Bryce Harper's electrifying, unworldly, second-half performance made him worthy of National League MVP honors. But his numbers with the mediocre Philadelphia Phillies yielded little more than a gold-star sticker next to his name, as the franchise missed the playoffs for a 10th consecutive season. Eventually, Harper will need to accept that, no matter how well he performs, he's more likely to be playing golf every October than competing for a world championship with the Phillies.
Make no mistake about it -- Harper didn't sign a 13-year, $330 million contract with Philadelphia because they gave him the best shot at immediate success. Despite what he may say about believing they could build a contender, there were options to go elsewhere, and he sold his services to the highest bidder. Harper would've had a much better shot at winning a championship with the Los Angeles Dodgers or San Francisco Giants, both of which offered him shorter contracts.

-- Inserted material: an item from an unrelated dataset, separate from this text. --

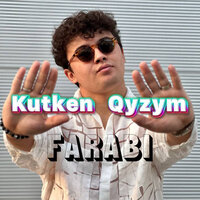 Kutken Qyzym - Farabi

No one can blame Harper for accepting a deal holding similar valuation as a Powerball jackpot. But signing with a franchise plagued by a lack of recent success, holes up and down the roster, and no true vision for improvement comes with consequences. Most notably, Harper's legacy and the narrative around his career will revolve around being an excellent player who never achieved team success.
Much like Los Angeles Angels superstar Mike Trout, Harper won't lack in MVP trophies or Silver Slugger awards on his mantle. His case for the Hall of Fame is certainly compelling. But he may never win even another division crown.

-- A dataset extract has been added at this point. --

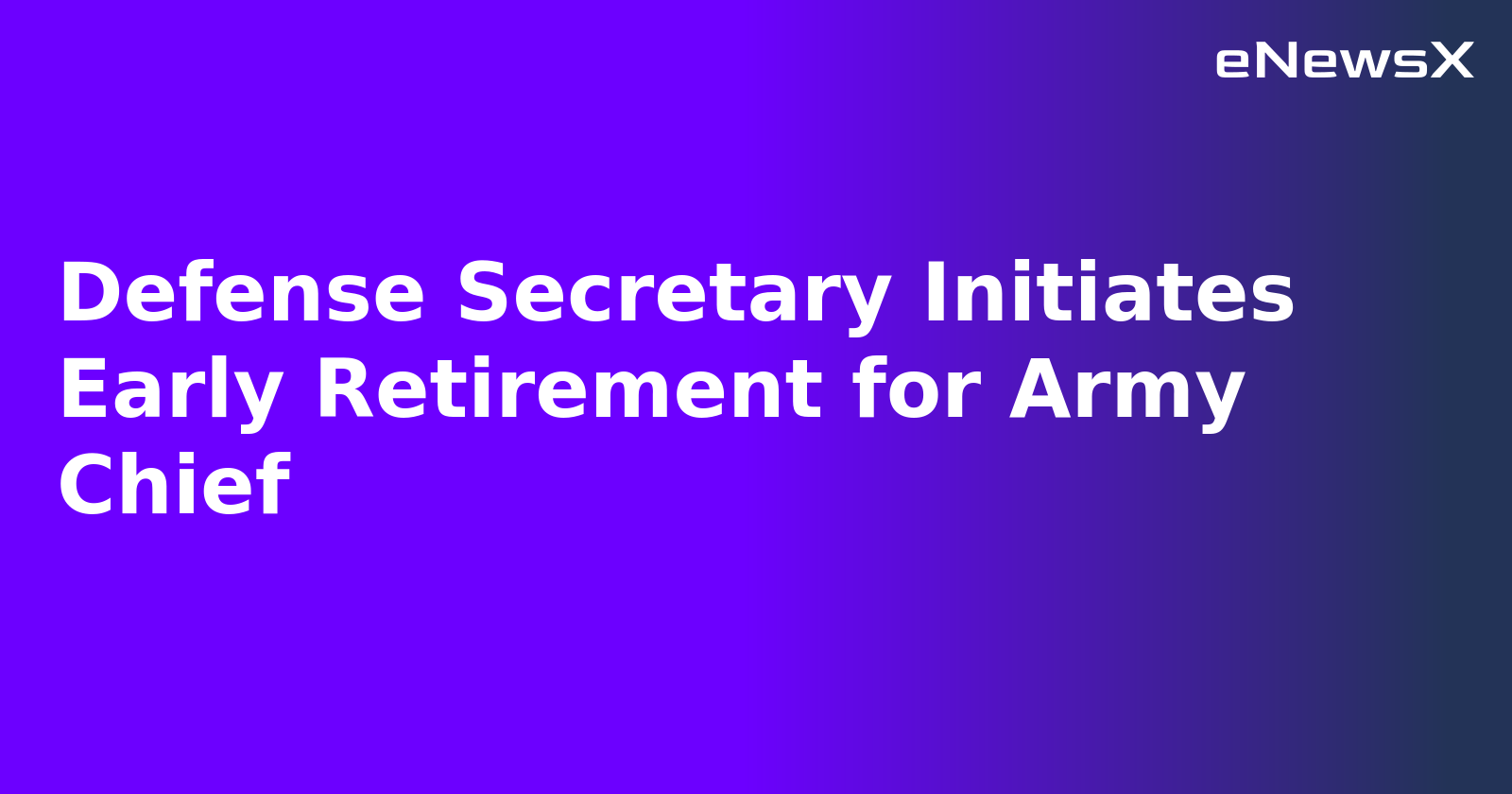 Defense Secretary Initiates Early Retirement for Army Chief.webp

Unfortunately for Harper, his long-term prospects of winning in Philadelphia are bleak. The Phillies have constructed a roster around aging veterans, and are operating with an extremely small window for success. Their current core of J.T. Realmuto ( age 31), Jean Segura (31), Rhys Hoskins (28), Zach Wheeler (31), and Harper (29) isn't getting younger, and one could argue all five guys are nearing the end of their prime. There's nothing wrong with leaning on the fab five, but the Phillies have no solid complimentary pieces.
The Phillies have holes in the outfield, at third base, in the bullpen, and in the backend of the rotation. After spending significant money on lengthy deals -- Harper, Realmuto, and Wheeler are due a combined $75 million in 2022 -- they have much less to spend in free agency. Their farm system also ranks among the worst in MLB, restricting their ability to acquire valuable pieces in a trade.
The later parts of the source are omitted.